Questa consapevolezza nasce dal fatto che, quantomeno negli ultimi vent'anni, ci sono stati almeno tre-quattro tentativi di riforma interna al sistema. Da Rafsanjani all'inizio degli anni ’90, Khatami a fine anni ’90, poi con l'onda verde dei primi anni 2000 e infine dal 2013 con Rohani e il patto con l'accordo nucleare. Purtroppo tutti questi tentativi di riforma interni al sistema, per un motivo o per l'altro, si sono rivelati fallaci e si è capito che il sistema non è rinnovabile. In questi ultimi vent'anni si è quindi assistito a una forma di radicalizzazione sia da parte della popolazione, sia da parte della leadership del sistema politico che ha portato, per esempio, all’elezione di Raisi con una radicalizzazione interna anche allo stesso sistema.

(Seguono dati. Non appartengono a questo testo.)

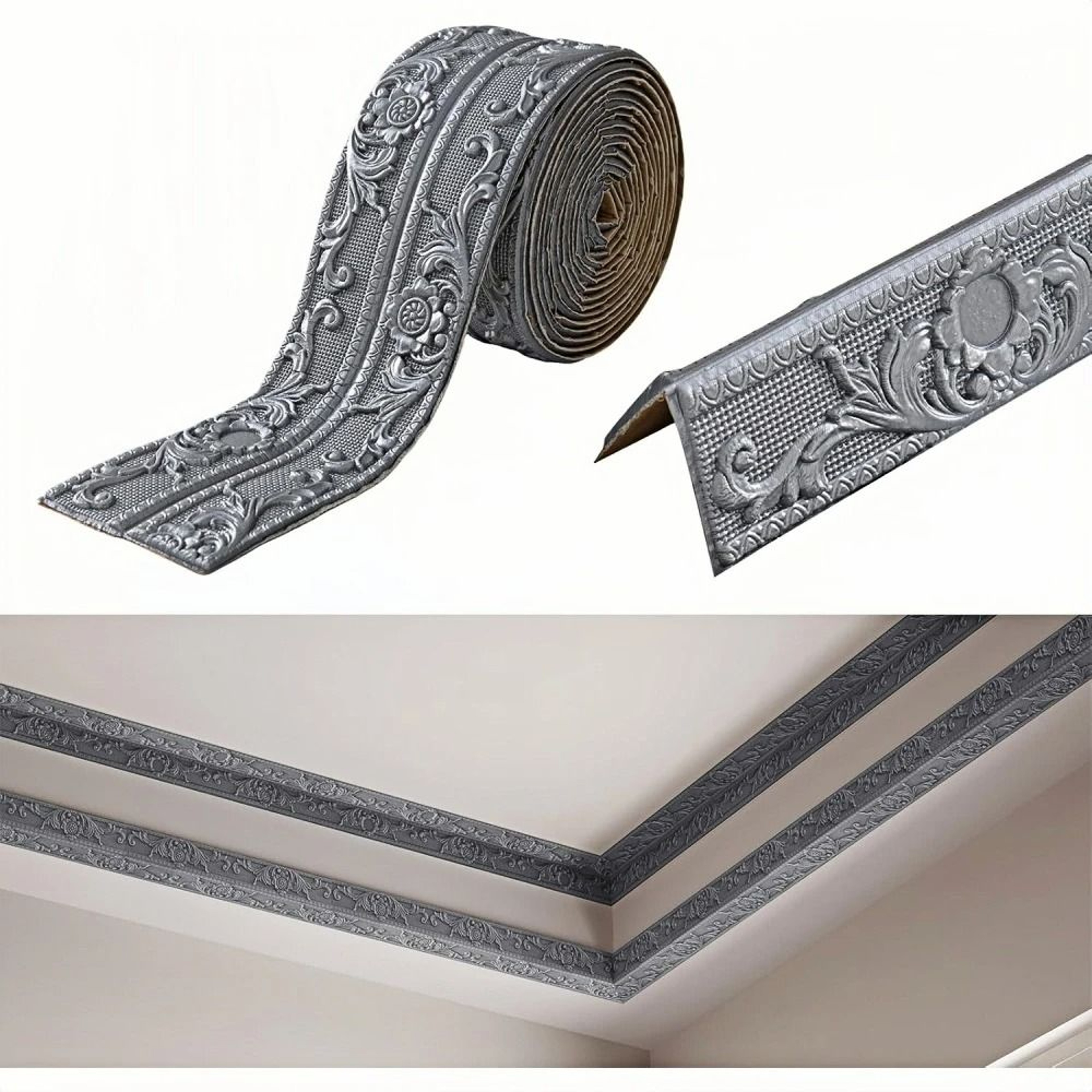 1 Roll Ceiling Decor Strip Wall Sticker Waterproof Antifouling Self Adhesive Baseboard Border For T 6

Ci sarà veramente una rivoluzione che porterà a una modifica di tutto questo assetto? E poi, in una società culturalmente elevata e istruita, come mai c’è questa rigidità sul velo che invece non è presente nel mondo arabo?
La questione del velo in realtà è una questione strumentale e di facciata da parte del regime. Come giustamente dice e come stiamo vedendo anche da queste manifestazioni, la realtà sociale iraniana è molto sviluppata. Il ruolo che le donne iraniane giocano all'interno della società è molto più ampio rispetto ad altri Paesi del Medio Oriente e questo paradossalmente è proprio il problema. Ovvero vediamo da una parte una società civile molto sviluppata, che si trova imbrigliata in delle regole e dei codici di comportamento di un sistema politico molto reazionario. Questa Repubblica islamica nasce dalla rivoluzione del '78-'79 ed è quindi consapevole di quali furono gli "errori" della monarchia al momento in cui cercò di contrastare la rivoluzione. A suo tempo, uno degli errori della monarchia, fu proprio quello di dare delle concessioni quando era oramai troppo tardi. A oggi all'interno del sistema della Repubblica islamica ci sono delle critiche, ma la questione fondamentale è che non c'è un punto di mediazione fra le istanze che il popolo chiede e quello che il regime potrebbe in qualche maniera concedere.